WHAT YOU WILL DO: When the line containing "Devanti Air Fryer" is found in the data below, give it again along with every later line, exactly; drop the pictures.

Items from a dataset
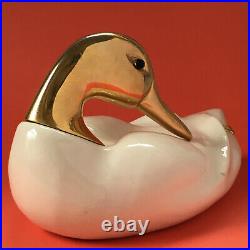 Duck Sculpture Wood & Brass de stijl firenze 1970s Vintage Modern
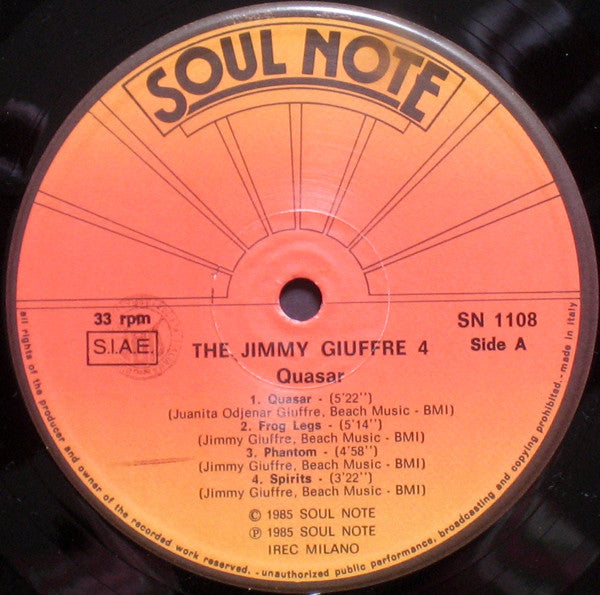 The Jimmy Giuffre 4 : Quasar (LP, Album)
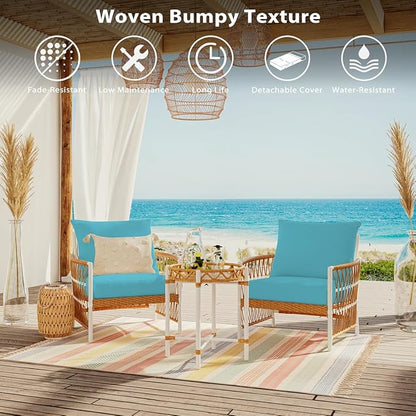 Sundale Outdoor Olefin Deep Seat Cushion, Patio Chair Cushion and Pillow, Water-Resistant Sectional Sofa Pad with Straps Teal, 23 x 26 x 4 Inches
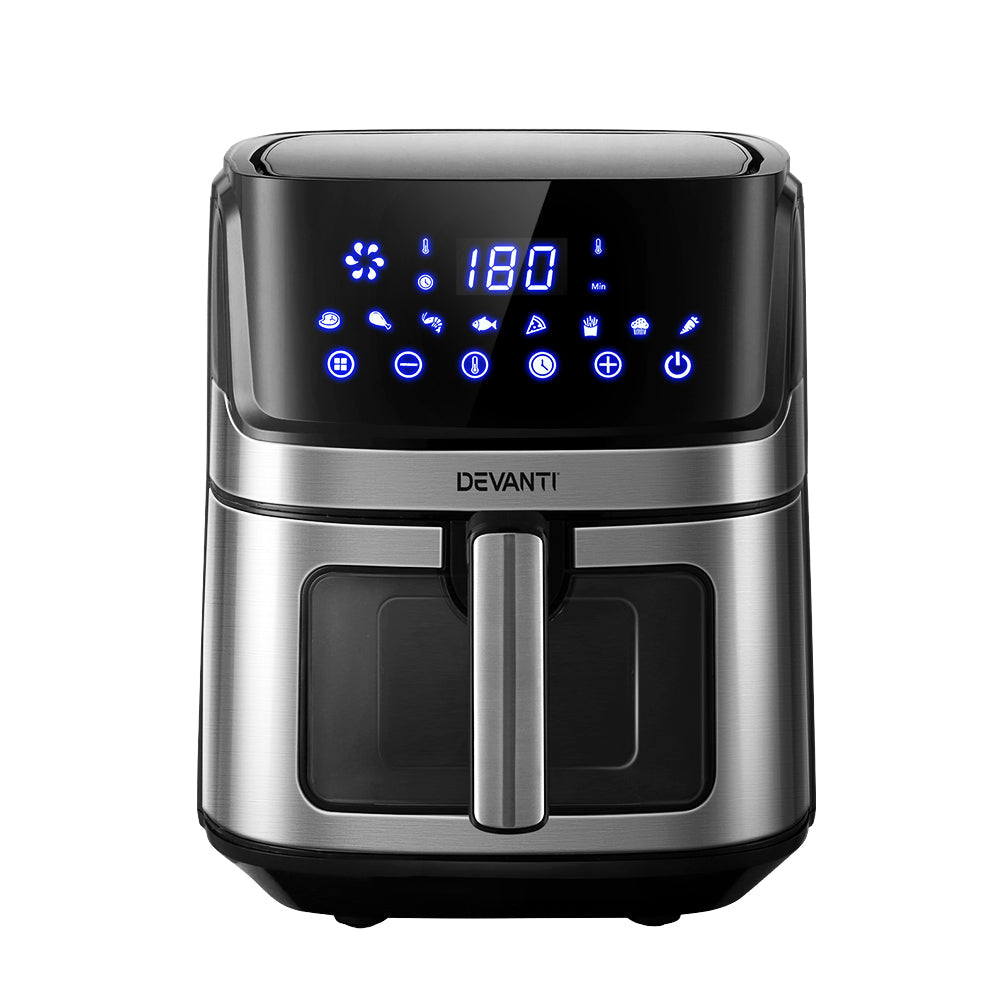 Devanti Air Fryer 6.5L LCD Fryers Oven Airfryer Healthy Cooker Oil Free Kitchen - Devanti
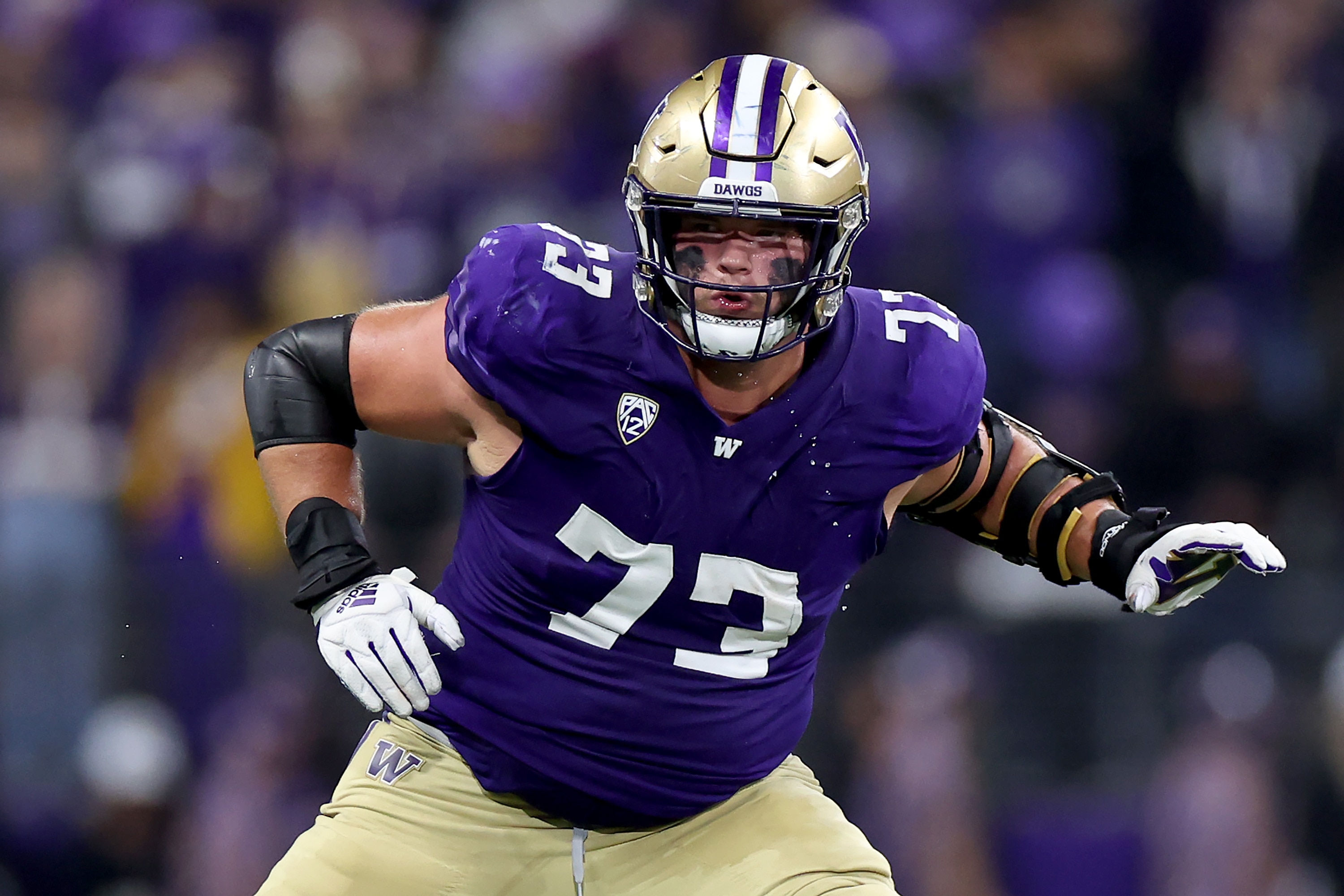 Roger Rosengarten, #73 of the Washington Huskies, in action against the California Golden Bears at Husky Stadium on Sept. 23, 2023 in Seattle, Washington.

TASK ANSWER:
 Devanti Air Fryer 6.5L LCD Fryers Oven Airfryer Healthy Cooker Oil Free Kitchen - Devanti
 Roger Rosengarten, #73 of the Washington Huskies, in action against the California Golden Bears at Husky Stadium on Sept. 23, 2023 in Seattle, Washington.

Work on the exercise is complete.